## SUPPLIED INFORMATION
Segment Open
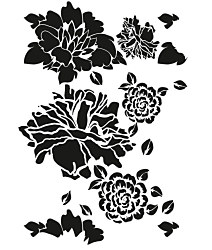 Šablóna na maľovanie Romantic Flower ST237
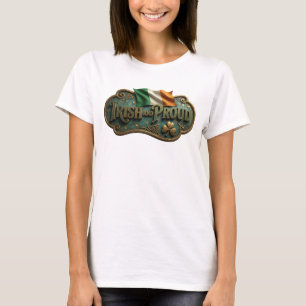 Dynamic Gold IRISH AND PROUD Custom Tee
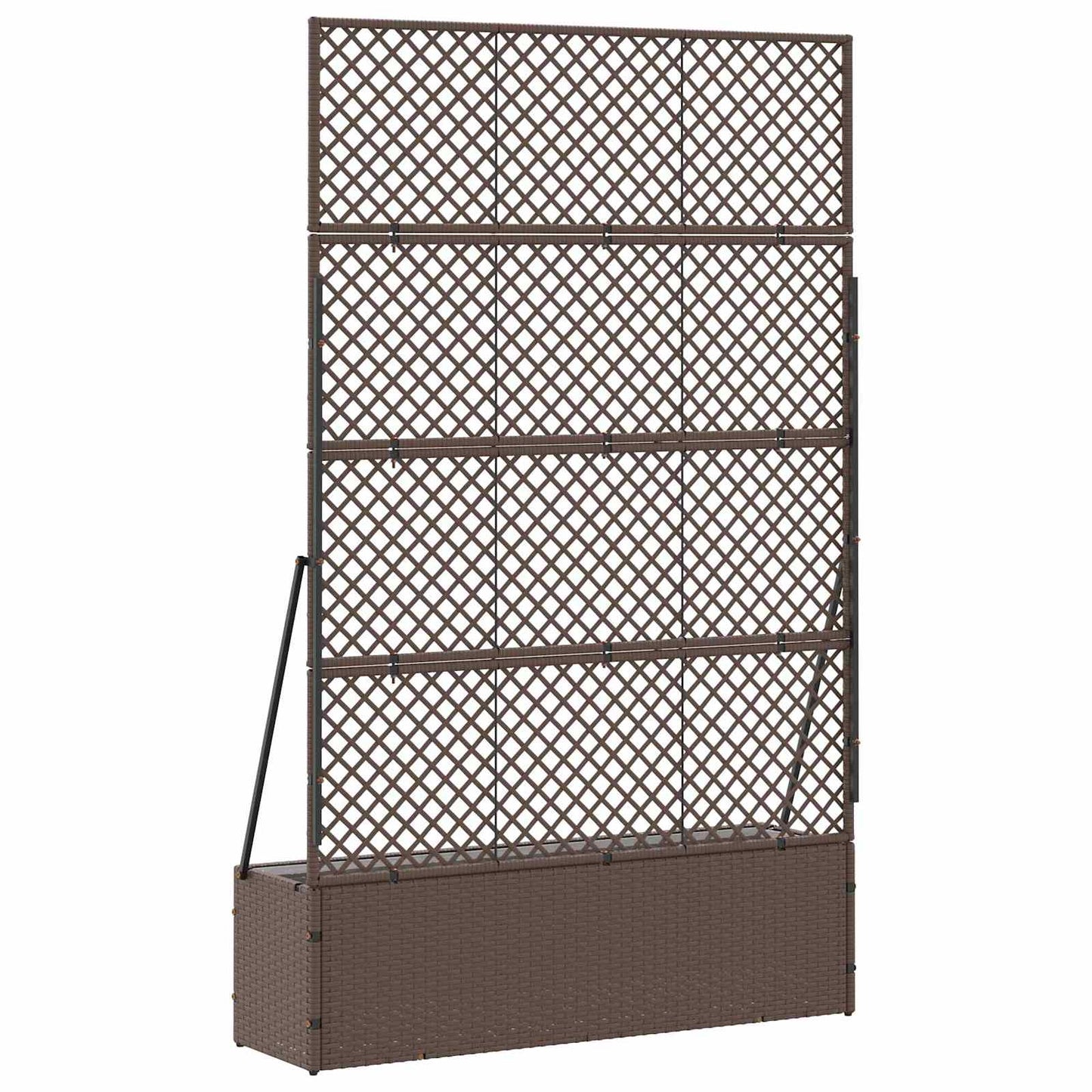 Garden Trellis Planter Braun 105 x 30 x 170 cm Metall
Segment Closed
Omit all pictures, and repeat exactly the lines from the line containing "Dynamic Gold IRISH AND PROUD Custom Tee" through the end of the data.

 Dynamic Gold IRISH AND PROUD Custom Tee
 Garden Trellis Planter Braun 105 x 30 x 170 cm Metall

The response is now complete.